Everything from the line containing "Used 2024 Nissan Sentra SV FWD image 7" through the final line of the entries below should be repeated exactly, and nothing else.

BEGIN Excerpted records

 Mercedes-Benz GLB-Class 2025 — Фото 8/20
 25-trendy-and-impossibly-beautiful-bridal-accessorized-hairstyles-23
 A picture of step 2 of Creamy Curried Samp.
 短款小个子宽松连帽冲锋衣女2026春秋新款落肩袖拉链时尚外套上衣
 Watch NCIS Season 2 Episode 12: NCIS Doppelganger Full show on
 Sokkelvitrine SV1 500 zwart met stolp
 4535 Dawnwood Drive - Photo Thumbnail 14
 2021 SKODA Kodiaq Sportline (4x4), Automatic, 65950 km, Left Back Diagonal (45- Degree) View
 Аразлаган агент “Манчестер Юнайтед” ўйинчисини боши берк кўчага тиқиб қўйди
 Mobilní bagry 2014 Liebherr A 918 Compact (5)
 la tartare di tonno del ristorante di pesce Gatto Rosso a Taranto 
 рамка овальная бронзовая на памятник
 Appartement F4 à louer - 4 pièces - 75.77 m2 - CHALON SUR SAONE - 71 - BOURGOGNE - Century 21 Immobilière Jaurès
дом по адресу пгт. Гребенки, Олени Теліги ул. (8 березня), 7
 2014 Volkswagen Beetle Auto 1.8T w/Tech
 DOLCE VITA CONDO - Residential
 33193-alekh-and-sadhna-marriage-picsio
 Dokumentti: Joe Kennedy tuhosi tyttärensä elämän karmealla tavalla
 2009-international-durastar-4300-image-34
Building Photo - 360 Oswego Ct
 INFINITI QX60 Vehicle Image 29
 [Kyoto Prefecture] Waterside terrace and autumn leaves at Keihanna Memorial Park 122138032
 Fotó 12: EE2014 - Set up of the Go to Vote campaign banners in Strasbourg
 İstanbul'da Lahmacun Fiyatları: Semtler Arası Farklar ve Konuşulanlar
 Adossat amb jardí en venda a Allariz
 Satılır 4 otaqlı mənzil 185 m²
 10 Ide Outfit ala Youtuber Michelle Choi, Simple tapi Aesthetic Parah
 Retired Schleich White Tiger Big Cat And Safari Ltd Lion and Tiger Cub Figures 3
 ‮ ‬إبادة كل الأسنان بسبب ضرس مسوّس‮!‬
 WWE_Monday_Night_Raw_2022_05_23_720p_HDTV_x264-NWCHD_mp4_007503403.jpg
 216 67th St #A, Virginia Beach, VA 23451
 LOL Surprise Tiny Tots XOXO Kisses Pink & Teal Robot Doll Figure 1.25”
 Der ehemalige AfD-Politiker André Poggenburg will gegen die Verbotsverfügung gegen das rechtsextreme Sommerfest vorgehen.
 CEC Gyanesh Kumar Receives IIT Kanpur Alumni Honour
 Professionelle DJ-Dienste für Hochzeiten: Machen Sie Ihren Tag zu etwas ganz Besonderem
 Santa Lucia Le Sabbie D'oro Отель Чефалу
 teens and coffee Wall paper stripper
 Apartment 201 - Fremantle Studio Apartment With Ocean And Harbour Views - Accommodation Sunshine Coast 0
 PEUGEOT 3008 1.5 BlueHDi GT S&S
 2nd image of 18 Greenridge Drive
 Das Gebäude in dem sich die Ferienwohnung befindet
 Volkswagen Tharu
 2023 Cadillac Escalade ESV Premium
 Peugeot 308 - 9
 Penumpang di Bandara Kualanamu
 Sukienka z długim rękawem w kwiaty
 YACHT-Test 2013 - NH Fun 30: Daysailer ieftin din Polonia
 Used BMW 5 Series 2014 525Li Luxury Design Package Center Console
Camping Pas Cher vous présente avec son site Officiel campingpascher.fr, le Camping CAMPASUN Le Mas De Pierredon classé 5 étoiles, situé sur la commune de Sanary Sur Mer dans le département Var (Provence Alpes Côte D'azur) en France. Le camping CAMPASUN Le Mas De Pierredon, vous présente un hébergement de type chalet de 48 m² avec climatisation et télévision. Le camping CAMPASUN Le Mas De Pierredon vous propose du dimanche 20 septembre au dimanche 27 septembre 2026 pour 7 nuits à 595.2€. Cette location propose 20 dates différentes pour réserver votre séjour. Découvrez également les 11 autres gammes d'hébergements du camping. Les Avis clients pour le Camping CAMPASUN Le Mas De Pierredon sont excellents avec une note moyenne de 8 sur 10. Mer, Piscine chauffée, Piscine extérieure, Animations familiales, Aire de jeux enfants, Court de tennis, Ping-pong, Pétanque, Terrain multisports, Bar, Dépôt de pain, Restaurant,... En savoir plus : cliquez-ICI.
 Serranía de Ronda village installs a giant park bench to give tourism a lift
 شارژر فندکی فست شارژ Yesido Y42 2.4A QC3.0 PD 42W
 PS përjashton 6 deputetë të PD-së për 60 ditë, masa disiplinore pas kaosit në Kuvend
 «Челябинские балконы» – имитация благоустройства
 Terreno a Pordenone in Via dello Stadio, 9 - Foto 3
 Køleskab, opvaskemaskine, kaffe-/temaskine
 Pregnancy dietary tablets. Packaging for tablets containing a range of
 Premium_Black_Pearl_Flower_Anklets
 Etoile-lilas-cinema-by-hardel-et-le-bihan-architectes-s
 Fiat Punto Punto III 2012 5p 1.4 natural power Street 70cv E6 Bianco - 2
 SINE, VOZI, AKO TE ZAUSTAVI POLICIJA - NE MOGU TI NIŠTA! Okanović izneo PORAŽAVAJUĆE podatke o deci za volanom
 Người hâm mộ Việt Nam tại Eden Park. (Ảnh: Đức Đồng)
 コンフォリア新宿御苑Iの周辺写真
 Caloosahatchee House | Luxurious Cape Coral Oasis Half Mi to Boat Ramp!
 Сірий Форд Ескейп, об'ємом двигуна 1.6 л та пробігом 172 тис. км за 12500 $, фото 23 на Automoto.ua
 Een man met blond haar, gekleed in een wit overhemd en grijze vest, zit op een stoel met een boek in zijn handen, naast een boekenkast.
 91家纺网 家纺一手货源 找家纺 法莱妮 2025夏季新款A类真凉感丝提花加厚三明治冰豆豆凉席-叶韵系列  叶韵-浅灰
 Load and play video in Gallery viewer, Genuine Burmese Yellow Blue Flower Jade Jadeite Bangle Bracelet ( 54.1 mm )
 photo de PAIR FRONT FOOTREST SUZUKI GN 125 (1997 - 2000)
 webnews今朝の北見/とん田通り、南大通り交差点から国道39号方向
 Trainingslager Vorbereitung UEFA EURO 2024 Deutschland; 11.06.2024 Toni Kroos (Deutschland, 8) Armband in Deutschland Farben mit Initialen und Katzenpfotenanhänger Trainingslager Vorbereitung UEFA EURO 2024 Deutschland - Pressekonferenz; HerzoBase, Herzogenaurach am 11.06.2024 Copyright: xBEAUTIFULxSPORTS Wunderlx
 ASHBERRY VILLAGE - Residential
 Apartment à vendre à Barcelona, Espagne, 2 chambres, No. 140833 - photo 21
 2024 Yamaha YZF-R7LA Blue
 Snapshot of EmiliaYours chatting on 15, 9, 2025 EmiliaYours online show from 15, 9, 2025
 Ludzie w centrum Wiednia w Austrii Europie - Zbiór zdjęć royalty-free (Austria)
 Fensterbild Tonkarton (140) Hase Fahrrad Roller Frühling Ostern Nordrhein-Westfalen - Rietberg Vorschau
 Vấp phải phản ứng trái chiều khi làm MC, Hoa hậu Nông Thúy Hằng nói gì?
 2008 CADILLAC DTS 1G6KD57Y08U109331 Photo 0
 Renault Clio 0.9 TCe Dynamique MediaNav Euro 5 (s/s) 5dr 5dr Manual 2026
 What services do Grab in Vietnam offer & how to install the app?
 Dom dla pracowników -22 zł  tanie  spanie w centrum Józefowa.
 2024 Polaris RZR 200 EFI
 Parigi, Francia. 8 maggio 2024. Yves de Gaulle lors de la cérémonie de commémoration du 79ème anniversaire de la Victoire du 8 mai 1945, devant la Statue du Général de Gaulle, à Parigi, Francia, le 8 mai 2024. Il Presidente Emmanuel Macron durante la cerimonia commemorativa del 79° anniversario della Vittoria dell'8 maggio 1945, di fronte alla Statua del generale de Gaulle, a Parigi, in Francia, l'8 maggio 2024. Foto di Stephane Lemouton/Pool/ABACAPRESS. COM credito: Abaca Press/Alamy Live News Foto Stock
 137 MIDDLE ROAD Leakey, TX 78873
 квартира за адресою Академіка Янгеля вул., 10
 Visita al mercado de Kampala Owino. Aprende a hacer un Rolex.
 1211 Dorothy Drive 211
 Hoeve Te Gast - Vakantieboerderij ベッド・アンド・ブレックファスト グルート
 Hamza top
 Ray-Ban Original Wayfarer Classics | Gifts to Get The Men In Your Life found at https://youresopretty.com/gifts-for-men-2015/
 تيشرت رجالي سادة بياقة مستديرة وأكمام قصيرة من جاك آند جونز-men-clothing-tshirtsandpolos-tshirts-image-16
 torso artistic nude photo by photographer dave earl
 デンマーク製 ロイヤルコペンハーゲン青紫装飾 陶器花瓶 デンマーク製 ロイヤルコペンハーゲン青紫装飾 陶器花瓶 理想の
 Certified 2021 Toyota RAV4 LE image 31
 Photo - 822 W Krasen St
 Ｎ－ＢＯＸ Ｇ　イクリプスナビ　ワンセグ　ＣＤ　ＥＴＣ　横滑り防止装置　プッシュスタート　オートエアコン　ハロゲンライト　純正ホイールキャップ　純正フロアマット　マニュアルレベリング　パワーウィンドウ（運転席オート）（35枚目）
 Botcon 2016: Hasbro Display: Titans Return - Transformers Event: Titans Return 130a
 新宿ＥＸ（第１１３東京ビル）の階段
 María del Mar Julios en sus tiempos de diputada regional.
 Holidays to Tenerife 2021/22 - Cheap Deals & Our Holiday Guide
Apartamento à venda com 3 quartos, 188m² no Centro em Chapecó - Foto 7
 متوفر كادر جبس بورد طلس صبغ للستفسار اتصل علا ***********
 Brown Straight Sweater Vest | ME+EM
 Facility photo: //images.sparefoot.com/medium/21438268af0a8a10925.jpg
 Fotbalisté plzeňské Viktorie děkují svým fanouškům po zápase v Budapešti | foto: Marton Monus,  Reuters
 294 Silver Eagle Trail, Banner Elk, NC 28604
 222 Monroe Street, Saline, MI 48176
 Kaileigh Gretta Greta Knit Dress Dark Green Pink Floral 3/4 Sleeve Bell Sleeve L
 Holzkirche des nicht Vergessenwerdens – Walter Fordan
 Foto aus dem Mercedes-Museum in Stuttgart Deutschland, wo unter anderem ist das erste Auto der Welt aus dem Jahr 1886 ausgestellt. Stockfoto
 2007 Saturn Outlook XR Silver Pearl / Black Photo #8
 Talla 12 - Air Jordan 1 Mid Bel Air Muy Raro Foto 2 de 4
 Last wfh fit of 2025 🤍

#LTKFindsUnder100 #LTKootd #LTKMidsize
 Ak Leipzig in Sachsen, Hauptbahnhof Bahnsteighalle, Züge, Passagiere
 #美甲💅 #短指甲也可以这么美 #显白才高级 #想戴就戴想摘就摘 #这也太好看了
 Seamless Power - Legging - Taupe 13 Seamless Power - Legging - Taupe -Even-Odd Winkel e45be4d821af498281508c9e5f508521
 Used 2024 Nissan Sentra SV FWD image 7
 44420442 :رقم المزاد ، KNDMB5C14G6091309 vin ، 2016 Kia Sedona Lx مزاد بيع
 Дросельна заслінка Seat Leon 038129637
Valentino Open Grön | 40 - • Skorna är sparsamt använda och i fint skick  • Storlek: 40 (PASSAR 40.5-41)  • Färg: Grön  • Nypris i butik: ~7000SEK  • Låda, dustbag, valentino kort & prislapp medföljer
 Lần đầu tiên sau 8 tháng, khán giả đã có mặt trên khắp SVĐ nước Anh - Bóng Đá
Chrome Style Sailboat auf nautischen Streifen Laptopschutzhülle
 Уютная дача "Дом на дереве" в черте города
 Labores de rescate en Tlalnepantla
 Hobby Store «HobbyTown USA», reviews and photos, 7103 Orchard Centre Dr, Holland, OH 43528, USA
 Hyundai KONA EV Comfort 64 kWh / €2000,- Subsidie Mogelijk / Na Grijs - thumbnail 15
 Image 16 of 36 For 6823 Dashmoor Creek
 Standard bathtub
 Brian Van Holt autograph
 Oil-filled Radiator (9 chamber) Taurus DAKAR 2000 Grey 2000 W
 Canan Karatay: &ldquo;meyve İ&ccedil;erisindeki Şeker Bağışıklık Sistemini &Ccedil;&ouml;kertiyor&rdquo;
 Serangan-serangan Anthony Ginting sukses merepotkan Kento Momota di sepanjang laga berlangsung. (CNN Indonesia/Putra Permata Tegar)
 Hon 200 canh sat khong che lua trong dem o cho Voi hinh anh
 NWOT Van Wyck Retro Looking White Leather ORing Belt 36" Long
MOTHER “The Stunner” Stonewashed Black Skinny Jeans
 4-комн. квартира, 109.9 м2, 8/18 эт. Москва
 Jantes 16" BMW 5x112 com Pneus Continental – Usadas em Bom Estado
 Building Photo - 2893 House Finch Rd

END Excerpted records

The answer.
 Used 2024 Nissan Sentra SV FWD image 7
 44420442 :رقم المزاد ، KNDMB5C14G6091309 vin ، 2016 Kia Sedona Lx مزاد بيع
 Дросельна заслінка Seat Leon 038129637
Valentino Open Grön | 40 - • Skorna är sparsamt använda och i fint skick  • Storlek: 40 (PASSAR 40.5-41)  • Färg: Grön  • Nypris i butik: ~7000SEK  • Låda, dustbag, valentino kort & prislapp medföljer
 Lần đầu tiên sau 8 tháng, khán giả đã có mặt trên khắp SVĐ nước Anh - Bóng Đá
Chrome Style Sailboat auf nautischen Streifen Laptopschutzhülle
 Уютная дача "Дом на дереве" в черте города
 Labores de rescate en Tlalnepantla
 Hobby Store «HobbyTown USA», reviews and photos, 7103 Orchard Centre Dr, Holland, OH 43528, USA
 Hyundai KONA EV Comfort 64 kWh / €2000,- Subsidie Mogelijk / Na Grijs - thumbnail 15
 Image 16 of 36 For 6823 Dashmoor Creek
 Standard bathtub
 Brian Van Holt autograph
 Oil-filled Radiator (9 chamber) Taurus DAKAR 2000 Grey 2000 W
 Canan Karatay: &ldquo;meyve İ&ccedil;erisindeki Şeker Bağışıklık Sistemini &Ccedil;&ouml;kertiyor&rdquo;
 Serangan-serangan Anthony Ginting sukses merepotkan Kento Momota di sepanjang laga berlangsung. (CNN Indonesia/Putra Permata Tegar)
 Hon 200 canh sat khong che lua trong dem o cho Voi hinh anh
 NWOT Van Wyck Retro Looking White Leather ORing Belt 36" Long
MOTHER “The Stunner” Stonewashed Black Skinny Jeans
 4-комн. квартира, 109.9 м2, 8/18 эт. Москва
 Jantes 16" BMW 5x112 com Pneus Continental – Usadas em Bom Estado
 Building Photo - 2893 House Finch Rd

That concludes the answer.